Errors in run_must_gather() are logged, but the helper does not crash the whole test run just because diagnostics collection failed.

utilities.pytest_utils and utilities.migration_utils

These two modules are the cleanup and safety-net layer.

utilities.pytest_utils.session_teardown() is the top-level cleanup entry point. It cancels running migrations, archives plans, then hands off to the deeper resource deletion logic:

def session_teardown(session_store: dict[str, Any]) -> None:
    LOGGER.info("Running teardown to delete all created resources")

    ocp_client = get_cluster_client()

    # When running in parallel (-n auto) `session_store` can be empty.
    if session_teardown_resources := session_store.get("teardown"):
        for migration_name in session_teardown_resources.get(Migration.kind, []):
            migration = Migration(name=migration_name["name"], namespace=migration_name["namespace"], client=ocp_client)
            cancel_migration(migration=migration)

        for plan_name in session_teardown_resources.get(Plan.kind, []):
            plan = Plan(name=plan_name["name"], namespace=plan_name["namespace"], client=ocp_client)
            archive_plan(plan=plan)

        leftovers = teardown_resources(
            session_store=session_store,
            ocp_client=ocp_client,
            target_namespace=session_store.get("target_namespace"),
        )
        if leftovers:
            raise SessionTeardownError(f"Failed to clean up the following resources: {leftovers}")

From there, the cleanup path does a few important things:

  • collect_created_resources() writes the tracked resource list to resources.json under the data collector path.
  • teardown_resources() deletes tracked Migration, Plan, Provider, Secret, StorageMap, NetworkMap, Namespace, and other resources.
  • cancel_migration() cancels only migrations that are still running.
  • archive_plan() marks plans as archived and waits for plan-owned pods to disappear.
  • check_dv_pvc_pv_deleted() waits for DataVolume, PersistentVolumeClaim, and PersistentVolume cleanup in parallel.
  • pytest_exception_interact and session-finish hooks call run_must_gather() when data collection is enabled and failures or leftovers justify it.

There is also a nearer, class-scoped cleanup path in conftest.py: cleanup_migrated_vms deletes migrated VMs after each test class finishes, including cases where VMs were intentionally migrated into a custom namespace. Session teardown is the backstop if anything survives beyond that.
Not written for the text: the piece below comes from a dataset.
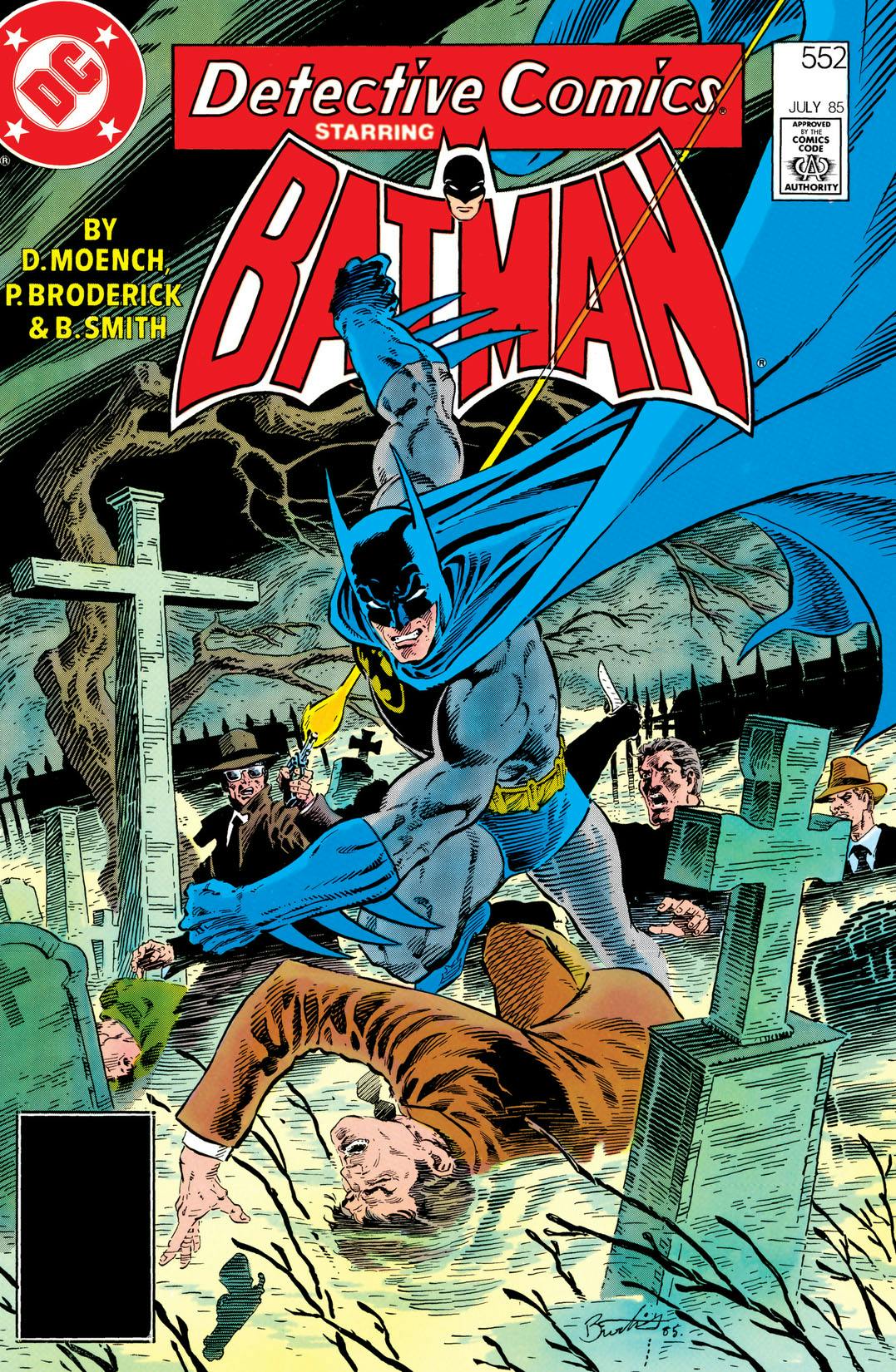 Detective Comics (1937-) #552 preview images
Warning: --skip-teardown is a debugging tool, not a normal operating mode. It leaves migrated VMs and tracked resources behind on purpose.

Configuration Notes

A few configuration points affect these modules over and over:

  • Global session settings in tests/tests_config/config.py include insecure_verify_skip, source_provider_insecure_skip_verify, snapshots_interval, mins_before_cutover, and plan_wait_timeout.
  • Per-test entries in tests/tests_config/config.py control feature behavior with keys such as warm_migration, target_power_state, preserve_static_ips, vm_target_namespace, pvc_name_template, pvc_name_template_use_generate_name, target_labels, target_affinity, target_node_selector, pre_hook, and post_hook.
  • Provider-specific connection details, guest OS credentials, and copy-offload settings come from .providers.json.

Tip: If you are adding a new migration scenario, start by reusing get_storage_migration_map(), get_network_migration_map(), create_plan_resource(), execute_migration(), and check_vms(). That path matches the rest of the repository and gives you automatic teardown, SSH validation, and diagnostics with very little extra code.